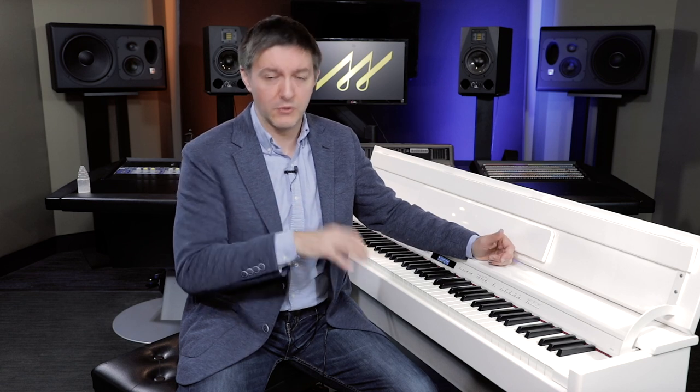The PHA 50 integrates wood into the key — the core of the white key has wood material, which more naturally simulates the motion and inertia of a real wood key. As you're playing, the key feels a little more solid with less give, especially when playing percussively. The bottom of the key bed also feels more solid and softer than you'd be used to with the PHA 4. The PHA 4 has a little more spring and feels livelier — there's less absorption of your energy.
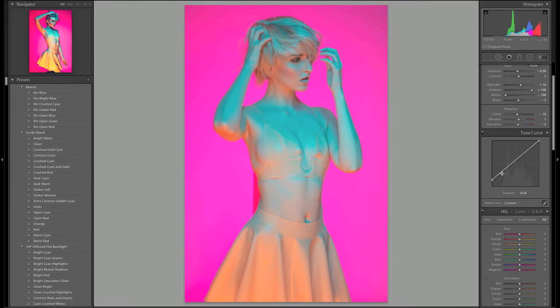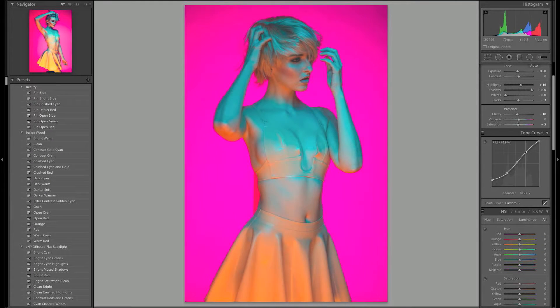Hi guys, my name is Jake Hicks. Thanks for joining me. I just wanted to let you all know about a new workshop I've got coming out, and it's exclusively to do with my post-processing and the entire workflow that I do on my images after I've actually taken them.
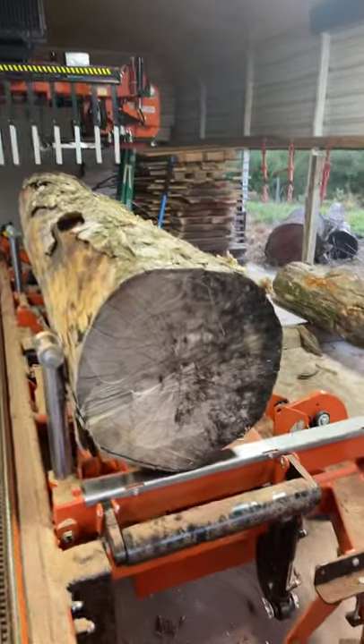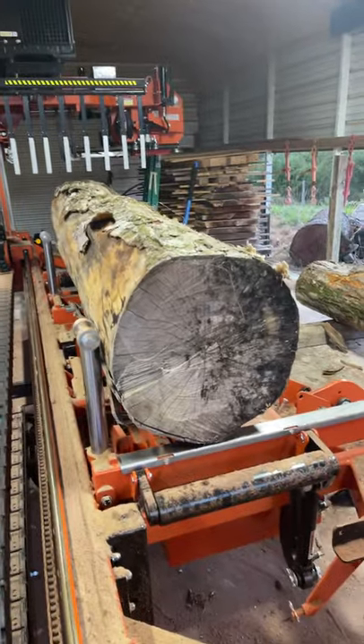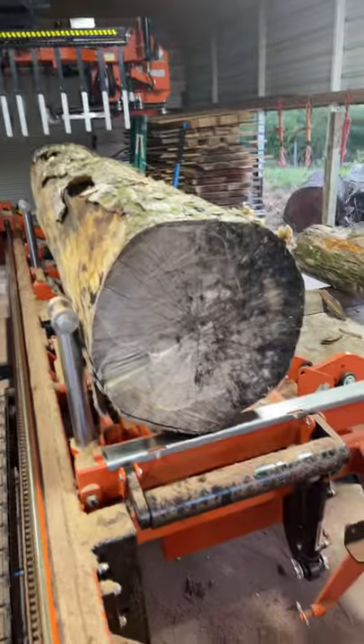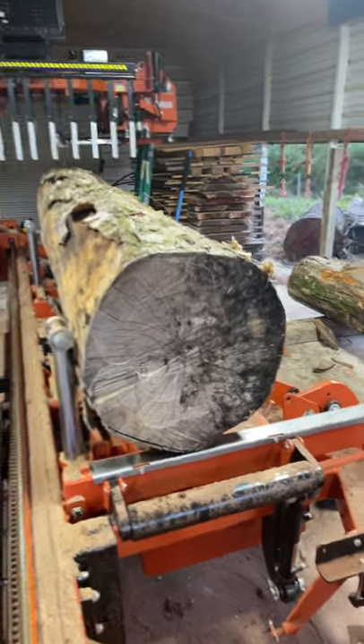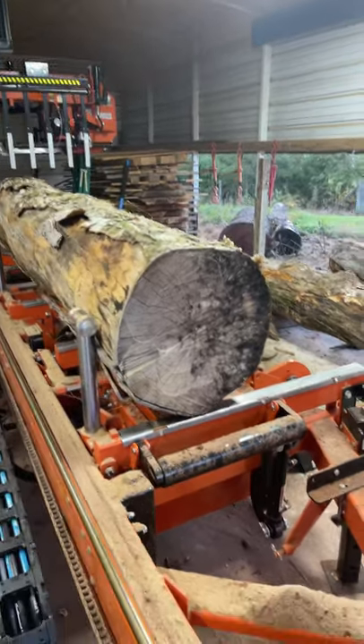But how thick would you all saw these? I really don't want to do slabs, but I'm open to anything. So down in the comments below, let me know what you all would saw this into. I'm thinking maybe five quarter, or maybe eight quarter since it's spotted — I don't know. So what would you guys do on this? Spotted sugar maple — leave me a comment.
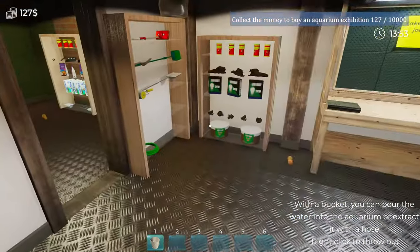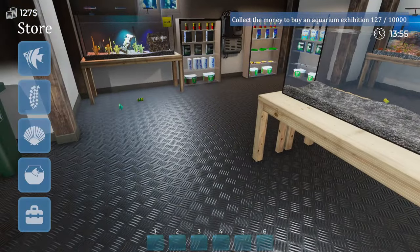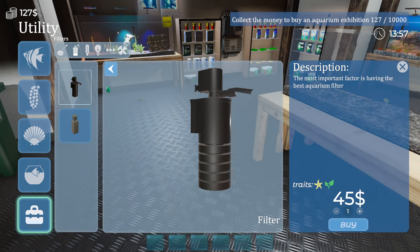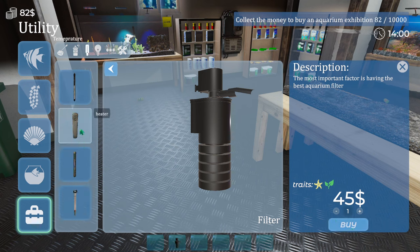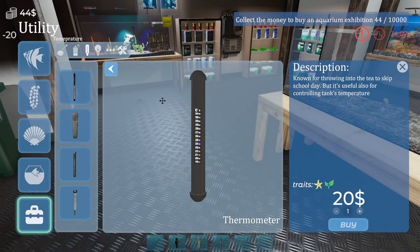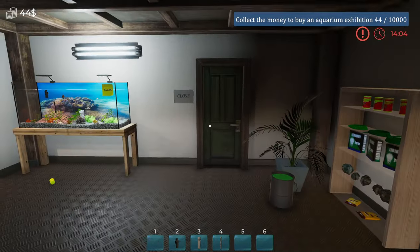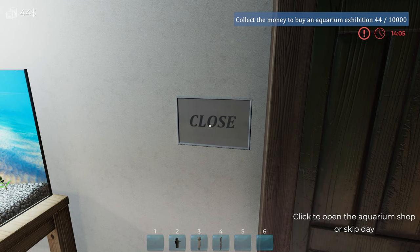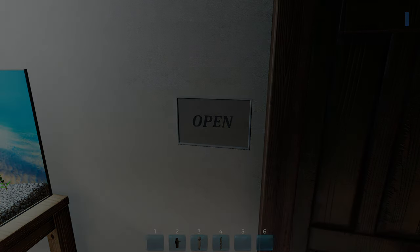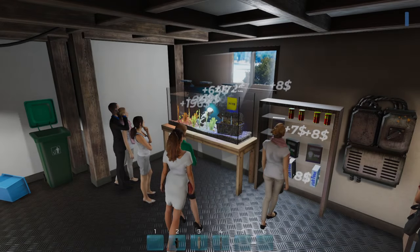We've got 127 left, then we need the thermometer and everything. This bit is a bit boring — filter, heater, done. That means the shop's ready to be open. Let's open up — nice.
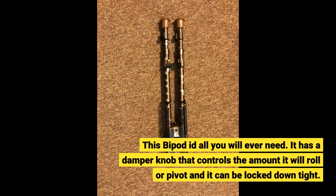This bipod does all you will ever need. It has a damper knob that controls the amount it will roll or pivot, and it can be locked down tight.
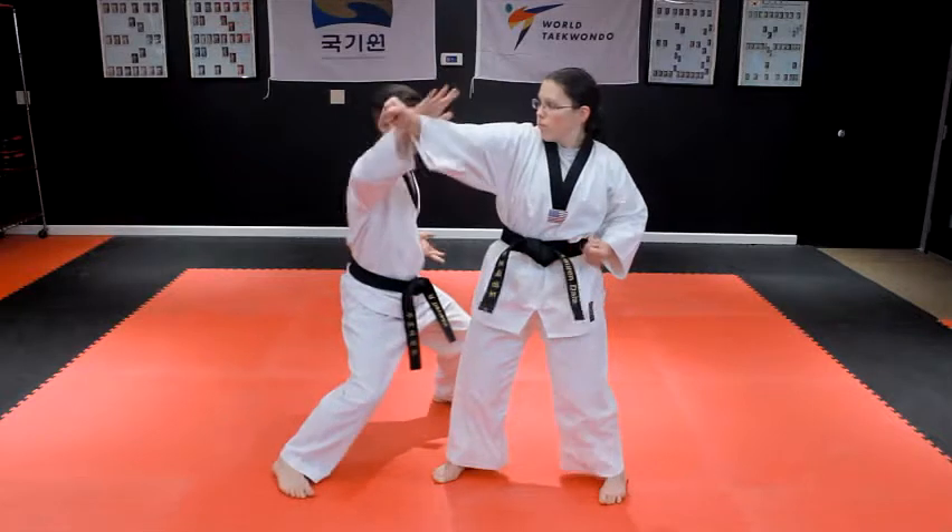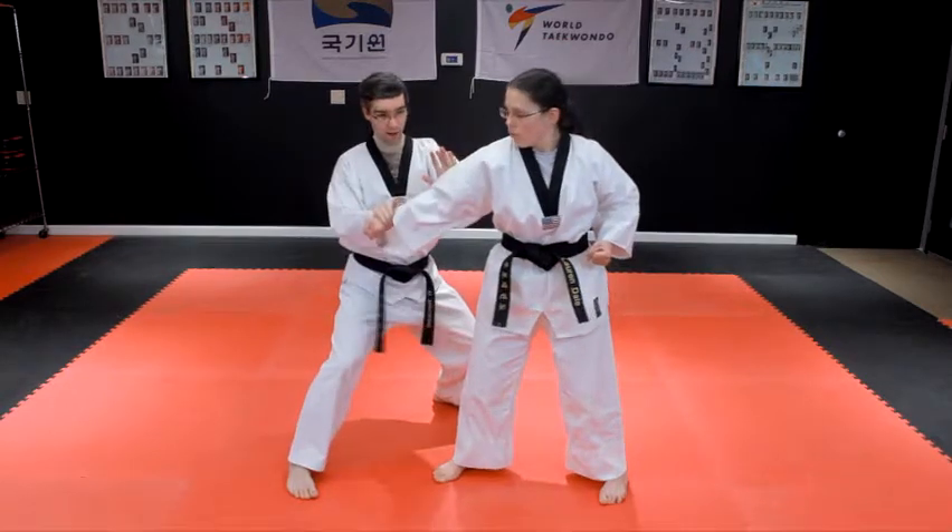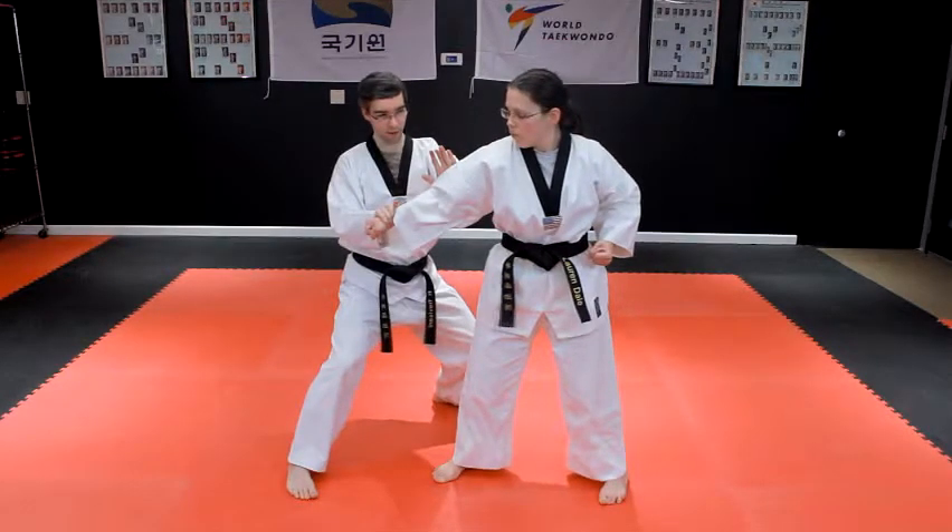Grab the attacker's wrist with your right hand, then pull the wrist toward your body while striking to their elbow with a batang-son-jigi palm heel strike.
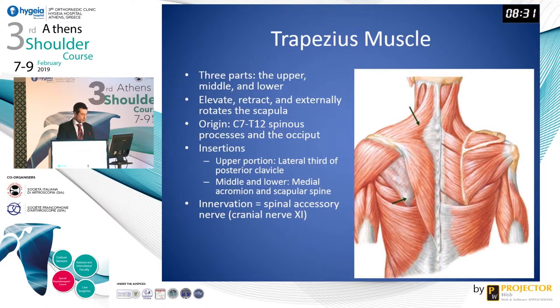Just as a brief review of our anatomy, the trapezius muscle has three parts: the upper, middle, and lower. It functions to elevate, retract, and externally rotate the scapula. The insertion of the lower trapezius is on the medial scapular spine, and its innervation is the spinal accessory nerve.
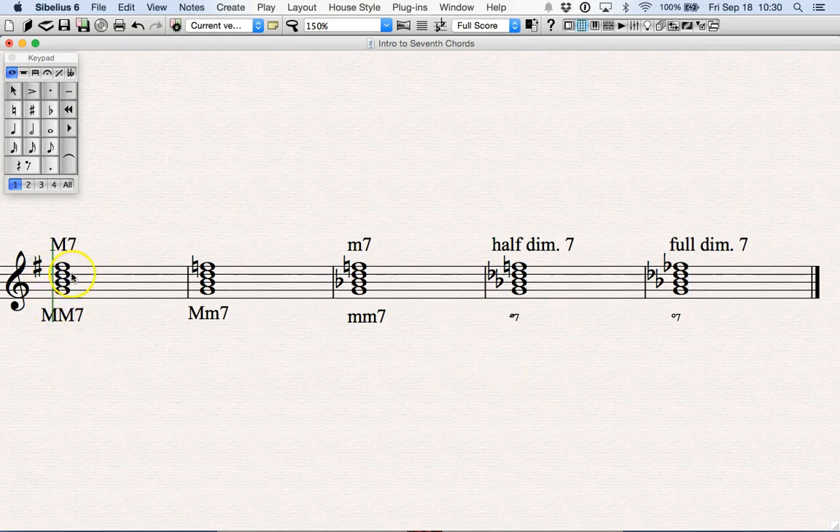Just as a review: the major-major seventh has a major triad plus a major seventh. A major-minor seventh has a major triad plus a minor seventh. A minor-minor seventh has a minor triad plus a minor seventh — and again, it's the only one with a minor triad, so as soon as you see that you know it's this one. Half-diminished is a diminished triad plus a minor seventh. And finally, a fully diminished seventh is a diminished triad plus a diminished seventh. So if you have a major triad it's going to be one of these two; if it's a diminished triad it's one of these two; and if it's a minor triad, it's this one.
* * *
• _Your assignment_
Leaving out the pictures, return exactly the lines from the one that contains "But how thick" through the last line of the records above, inclusive.

• _Answer for the task_
But how thick would you all saw these? I really don't want to do slabs, but I'm open to anything. So down in the comments below, let me know what you all would saw this into. I'm thinking maybe five quarter, or maybe eight quarter since it's spotted — I don't know. So what would you guys do on this? Spotted sugar maple — leave me a comment.
We've got 127 left, then we need the thermometer and everything. This bit is a bit boring — filter, heater, done. That means the shop's ready to be open. Let's open up — nice.
This bipod does all you will ever need. It has a damper knob that controls the amount it will roll or pivot, and it can be locked down tight.
Grab the attacker's wrist with your right hand, then pull the wrist toward your body while striking to their elbow with a batang-son-jigi palm heel strike.
Just as a brief review of our anatomy, the trapezius muscle has three parts: the upper, middle, and lower. It functions to elevate, retract, and externally rotate the scapula. The insertion of the lower trapezius is on the medial scapular spine, and its innervation is the spinal accessory nerve.
Just as a review: the major-major seventh has a major triad plus a major seventh. A major-minor seventh has a major triad plus a minor seventh. A minor-minor seventh has a minor triad plus a minor seventh — and again, it's the only one with a minor triad, so as soon as you see that you know it's this one. Half-diminished is a diminished triad plus a minor seventh. And finally, a fully diminished seventh is a diminished triad plus a diminished seventh. So if you have a major triad it's going to be one of these two; if it's a diminished triad it's one of these two; and if it's a minor triad, it's this one.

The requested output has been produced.